### The data
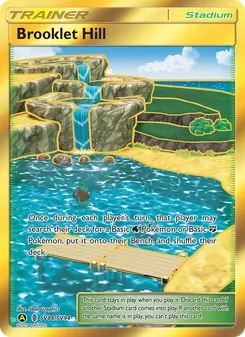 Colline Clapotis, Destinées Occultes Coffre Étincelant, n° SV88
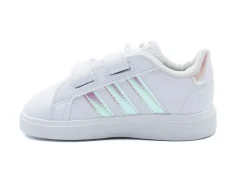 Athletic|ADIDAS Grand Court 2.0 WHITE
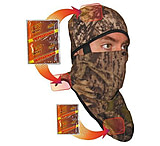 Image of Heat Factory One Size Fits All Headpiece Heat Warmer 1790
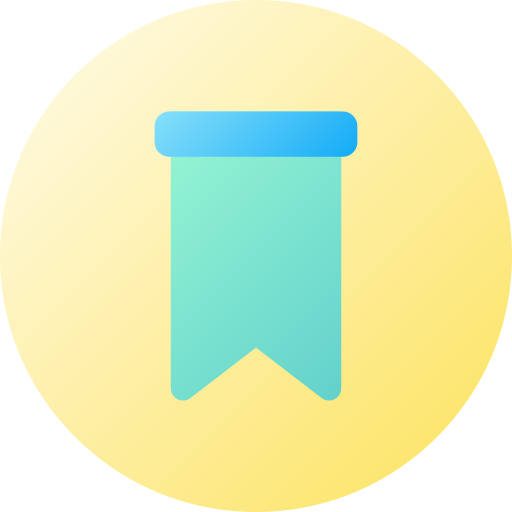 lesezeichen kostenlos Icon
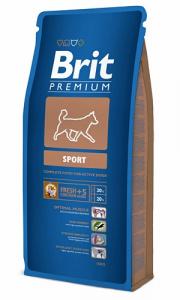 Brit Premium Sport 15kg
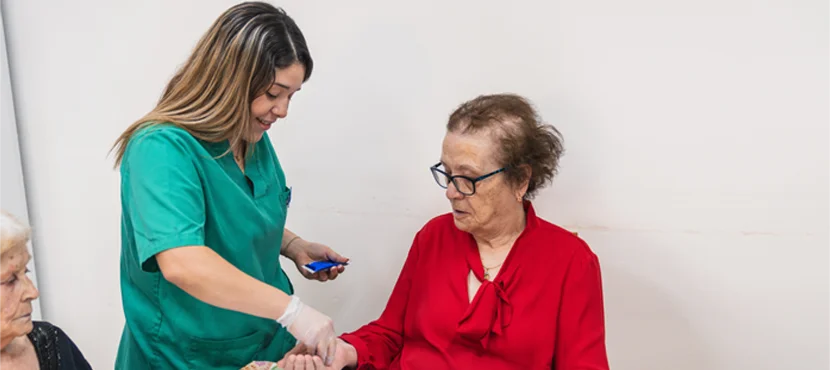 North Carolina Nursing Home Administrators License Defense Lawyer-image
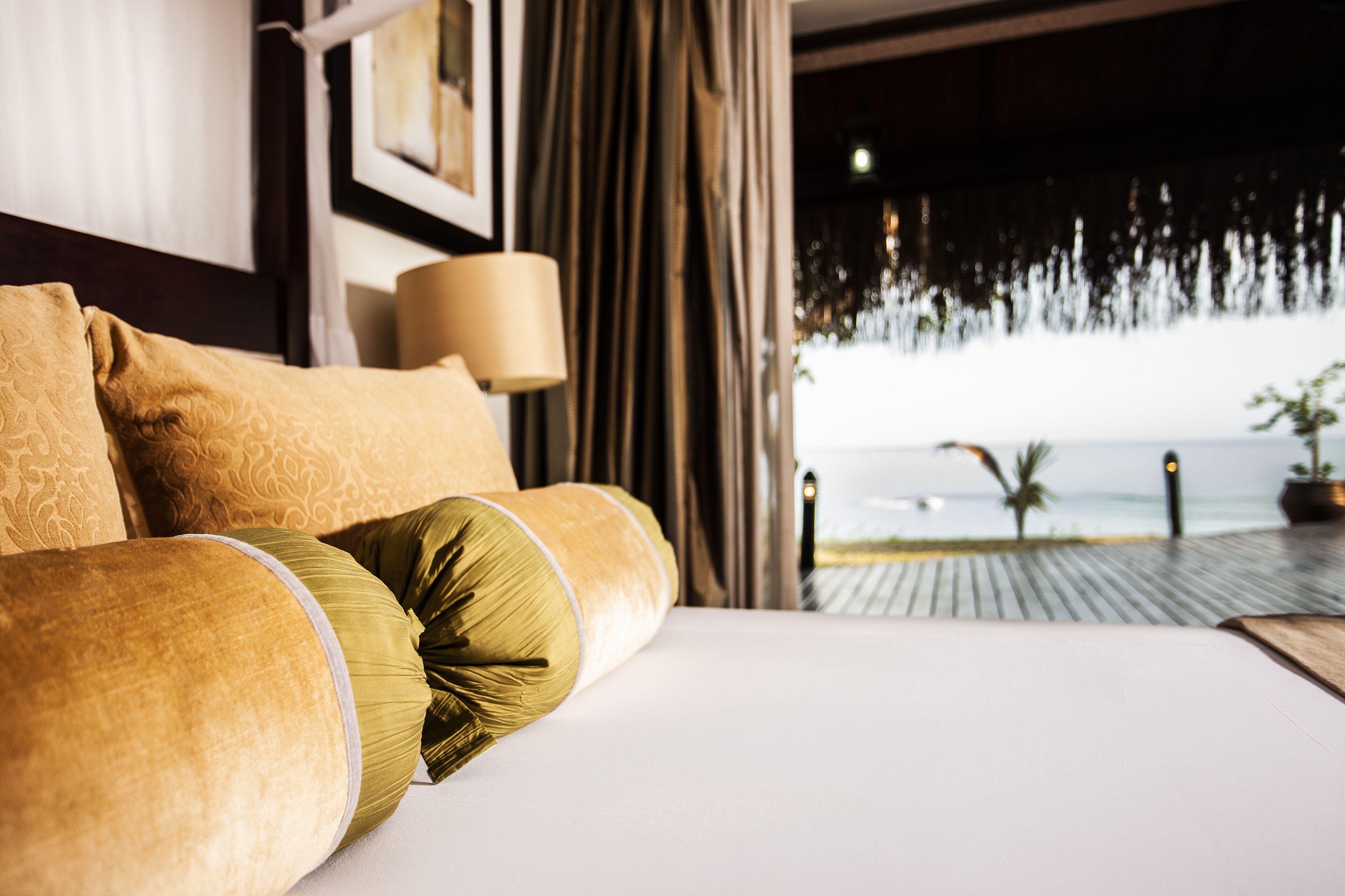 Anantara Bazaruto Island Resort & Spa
--
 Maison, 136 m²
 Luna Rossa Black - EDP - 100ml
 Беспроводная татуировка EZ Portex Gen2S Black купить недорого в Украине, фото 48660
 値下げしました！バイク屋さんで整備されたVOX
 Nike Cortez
---
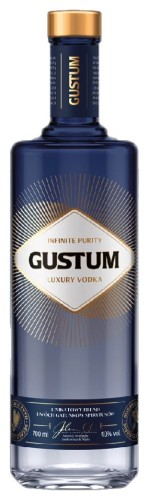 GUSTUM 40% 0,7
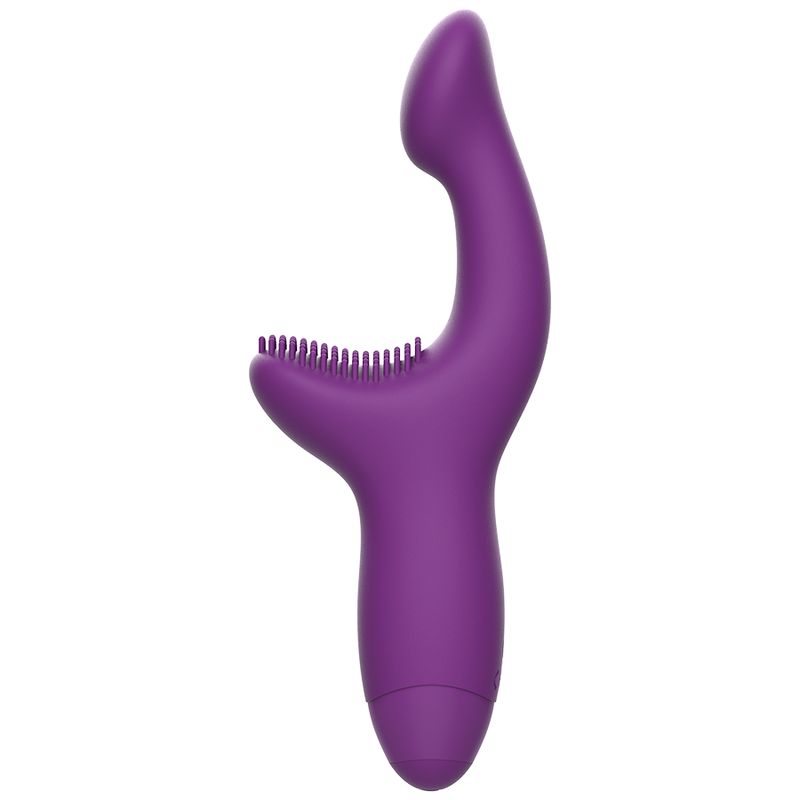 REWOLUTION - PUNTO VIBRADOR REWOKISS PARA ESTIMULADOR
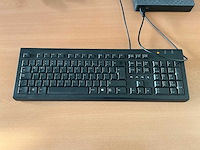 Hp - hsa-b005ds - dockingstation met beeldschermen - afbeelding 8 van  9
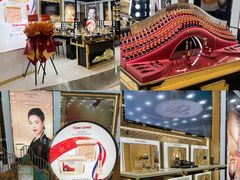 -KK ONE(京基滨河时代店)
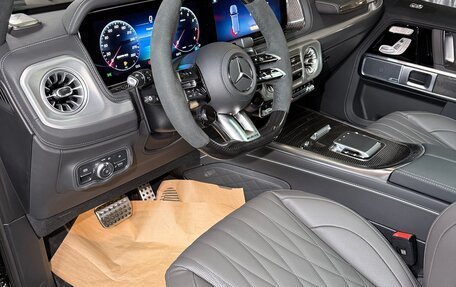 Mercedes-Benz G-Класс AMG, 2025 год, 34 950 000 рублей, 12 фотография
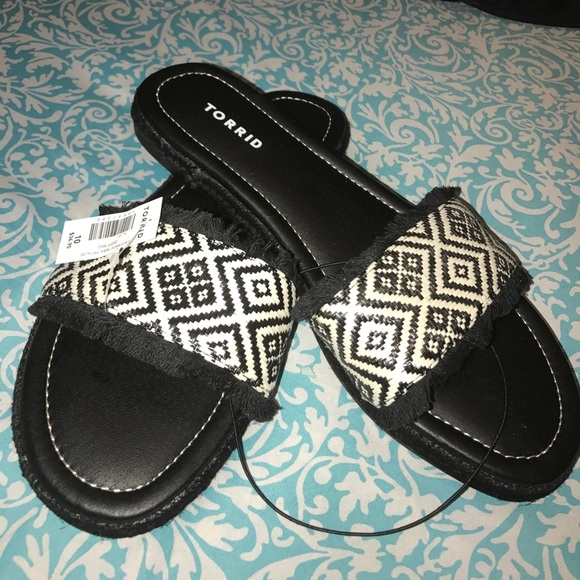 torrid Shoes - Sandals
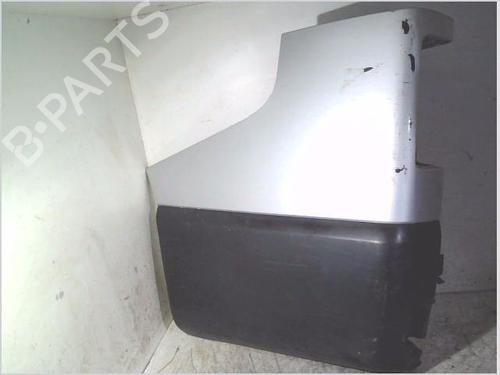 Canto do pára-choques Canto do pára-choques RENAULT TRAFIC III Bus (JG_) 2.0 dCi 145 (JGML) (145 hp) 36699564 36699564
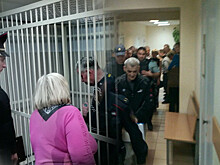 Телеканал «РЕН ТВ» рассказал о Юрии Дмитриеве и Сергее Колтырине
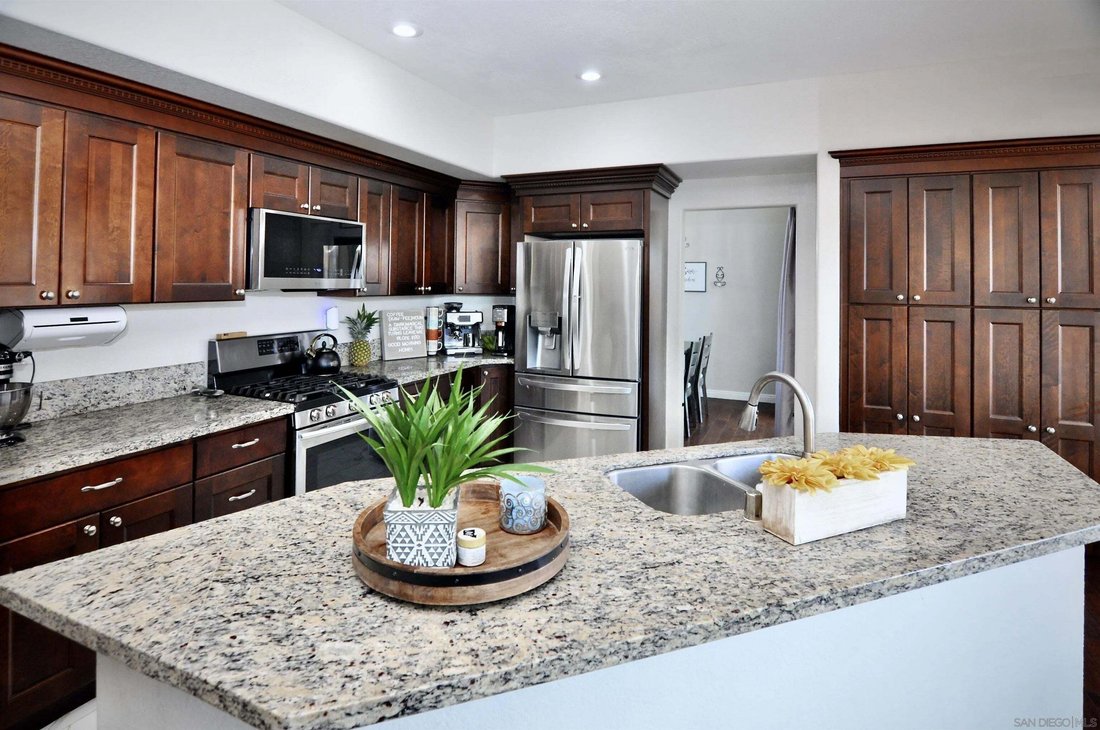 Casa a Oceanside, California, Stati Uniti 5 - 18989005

### Goal of the exercise
Please return the data above exactly as it stands from the line with "REWOLUTION - PUNTO" to the line with "и Сергее Колтырине", keeping both of those lines but none of the pictures.

### Exercise solution
 REWOLUTION - PUNTO VIBRADOR REWOKISS PARA ESTIMULADOR
 Hp - hsa-b005ds - dockingstation met beeldschermen - afbeelding 8 van  9
 -KK ONE(京基滨河时代店)
 Mercedes-Benz G-Класс AMG, 2025 год, 34 950 000 рублей, 12 фотография
 torrid Shoes - Sandals
 Canto do pára-choques Canto do pára-choques RENAULT TRAFIC III Bus (JG_) 2.0 dCi 145 (JGML) (145 hp) 36699564 36699564
 Телеканал «РЕН ТВ» рассказал о Юрии Дмитриеве и Сергее Колтырине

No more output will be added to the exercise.